2022-03-28 ペンシルベリア州立大学(PennState)
・電気化学的水素ポンプを用いて水素の分離と圧縮を行い、合成ガスと呼ばれる混合燃料ガスからの回収率は85%、従来の水ガスシフト反応器の出口流からの回収率は98.8%と、過去最高の数値となりました。
<関連情報>
- https://www.psu.edu/news/engineering/story/new-method-purifies-hydrogen-heavy-carbon-monoxide-mixtures/
- https://pubs.acs.org/doi/10.1021/acsenergylett.1c02853
水素分離に挑戦する電気化学ポンプ Electrochemical Pumping for Challenging Hydrogen Separations
Gokul Venugopalan,Deepra Bhattacharya, Evan Andrews, Luis Briceno-Mena, José Romagnoli, John Flake, and Christopher G. Arges
ACS Energy Lett. 2022, 7, XXX, 1322–1329 Publication Date:March 11, 2022
Abstract
Conventional hydrogen separations from reformed hydrocarbons often deploy a water gas shift (WGS) reactor to convert CO to CO2, followed by adsorption processes to achieve pure hydrogen.

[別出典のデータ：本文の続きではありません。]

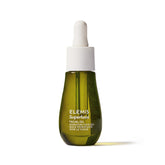 ELEMIS front view of 15ml travel facial oil showing compact packaging and portability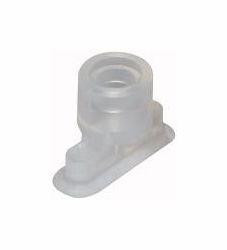 Riegler Flachsauger, oval, Material Silikon, 108479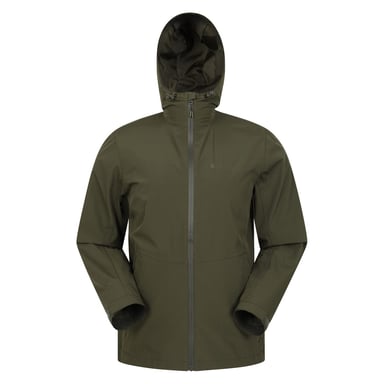 Mountain Warehouse Herren Covert Wasserdichte Jacke (Khaki)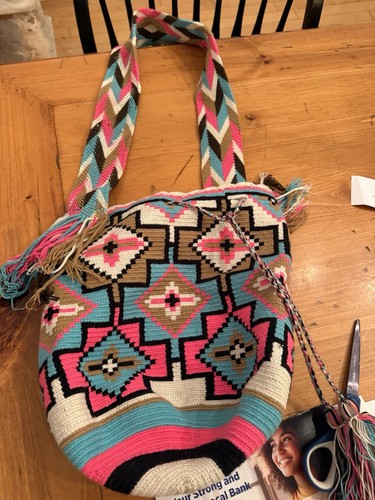 Autentica borsa colombiana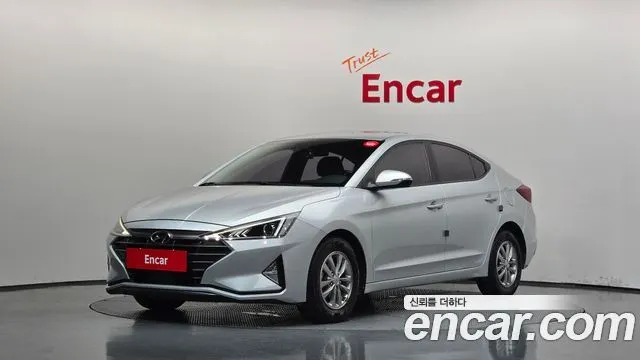 HYUNDAI AVANTE — из Кореи под ключ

The purified hydrogen is then fed to a compressor to deliver hydrogen at high pressures. Electrochemical hydrogen pumps (EHPs) featuring proton-selective polymer electrolyte membranes (PEMs) represent an alternative separation platform with fewer unit operations because they can simultaneously separate and compress hydrogen continuously. In this work, a high-temperature PEM (HT-PEM) EHP purified hydrogen to 99.3%, with greater than 85% hydrogen recovery for feed mixtures containing 25–40% CO. The ion-pair HT-PEM and phosphonic acid ionomer binder enabled the EHP to be operated in the temperature range from 160 to 220 °C. The ability to operate the EHP at an elevated temperature allowed the EHP to purify hydrogen from gas feeds with large CO contents at 1 A cm–2. Finally, the EHP with the said materials displayed a small performance loss of 12 μV h–1 for purifying hydrogen from syngas for 100 h at 200 °C.